### PROBLEM STATEMENT
Reproduce exactly, and only, the lines of the material below running from the line bearing "Lotus Eco Resort Hundar Bagian luar foto" through the line bearing "2016 TOYOTA TACOMA". Leave any pictures out.

### DATASET RECORDS
::::::::::

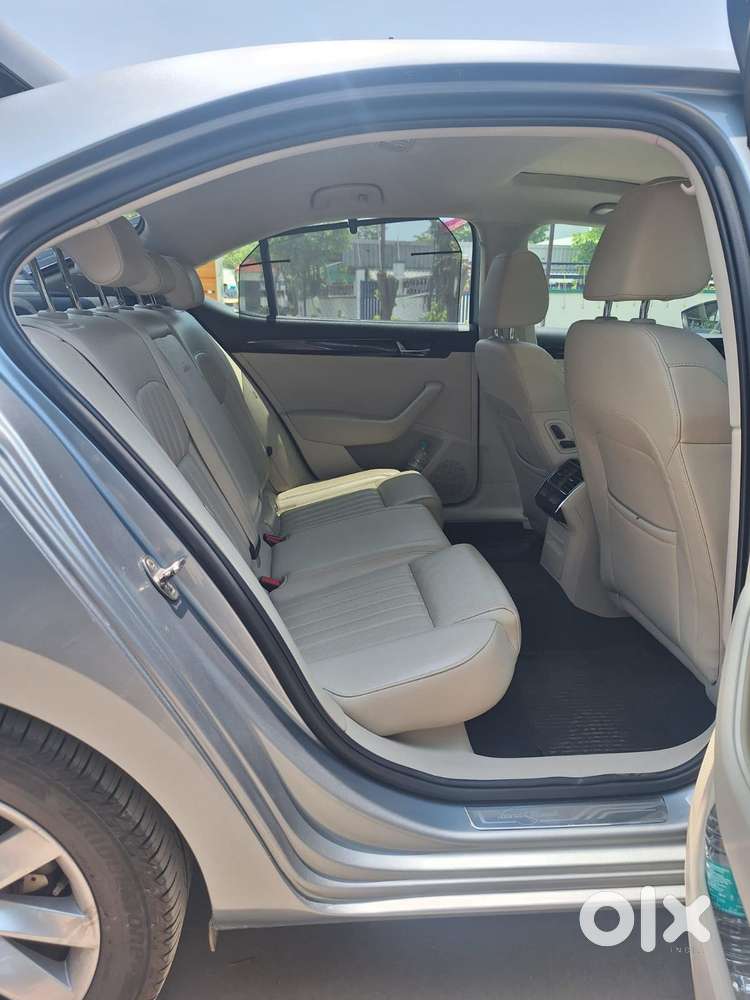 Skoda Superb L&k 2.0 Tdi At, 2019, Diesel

::::::::::

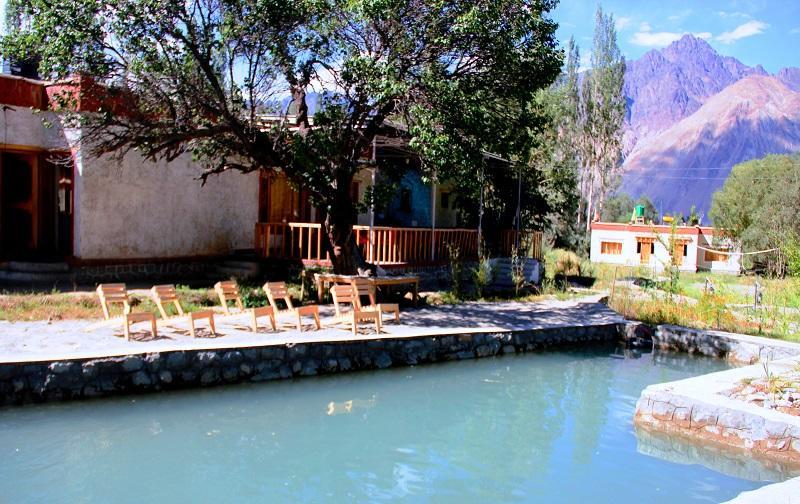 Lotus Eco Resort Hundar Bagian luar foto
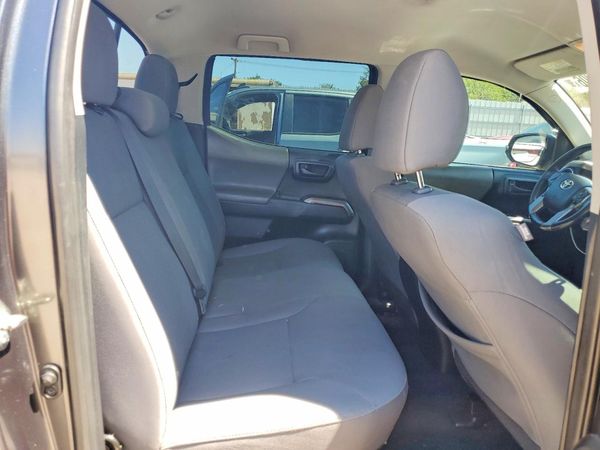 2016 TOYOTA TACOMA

::::::::::

### EXERCISE OUTPUT
 Lotus Eco Resort Hundar Bagian luar foto
 2016 TOYOTA TACOMA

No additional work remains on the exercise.